Children's Initiative Fund - The budget proposal shifts the Children's Initiative Fund (CIF) to the general fund. The CIF has numerous programs for children including; the Children's Mental Health Initiative, the Children's Cabinet, the Child Care Quality Initiative, Early Childhood Block Grants, Kansas Reads to Succeed, and Early Head Start. This proposal does not eliminate CIF. Every program will continue to be funded by the state.
In the past, CIF has not been considered part of the state general fund and has been "off budget." This transfer brings more transparency to the budgetary process by ensuring expenditures are fully accounted for.
The budget proposal also moved the "Children's Cabinet" to the Department of Education, making it easier to coordinate early childhood education programs across the state.

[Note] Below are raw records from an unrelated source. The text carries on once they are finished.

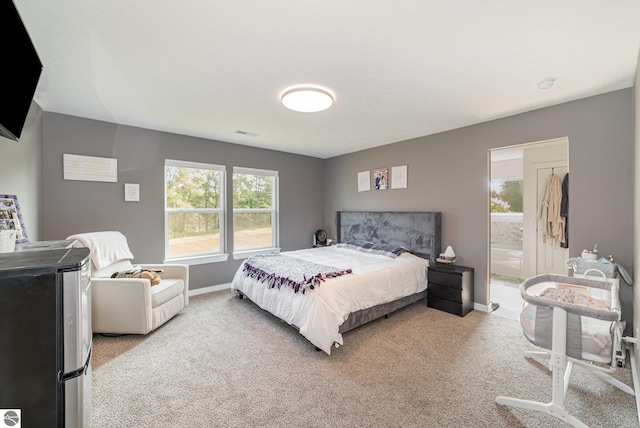 3468 Kali Ln, Alma, MI 48801 - bedroom featuring light carpet and baseboards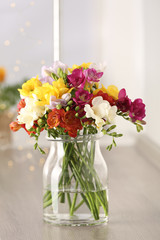 Fototapeta na wymiar Beautiful spring bright freesia flowers in vase on table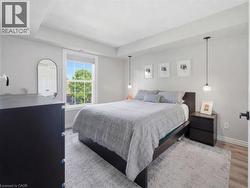 Recessed ceiling with an overhead light fixture, large window, and wood-finish flooring - 
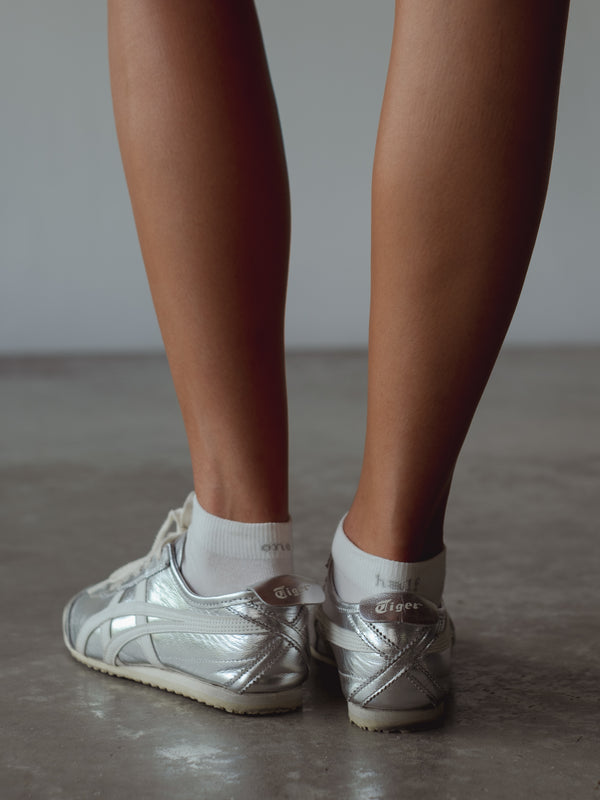 Vista posterior medias tobilleras blancas con bordado gris “One Half” en puño. 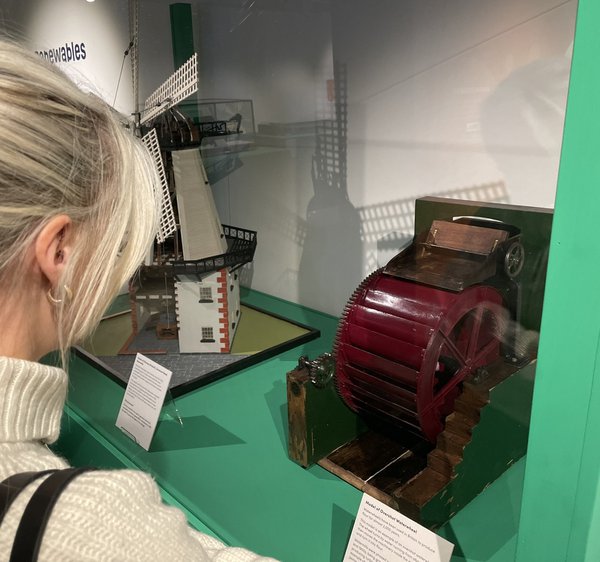 Visitor looks at water wheel object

The Kansas Department of Education supports this change.
Other recommendations include means testing the Parents As Teachers program (PAT), which allows taxpayer dollars to be targeted for those who need it most.
Kansas Bioscience Authority - The Kansas Bioscience Authority (KBA) voted to move towards privatization in its December meeting and the governor proposed legislation to authorize it. The sale would add an estimated $25 million in revenue to the FY 2017 budget, but it would also allow the KBA to continue its mission of stimulating economic growth throughout the bioscience industry.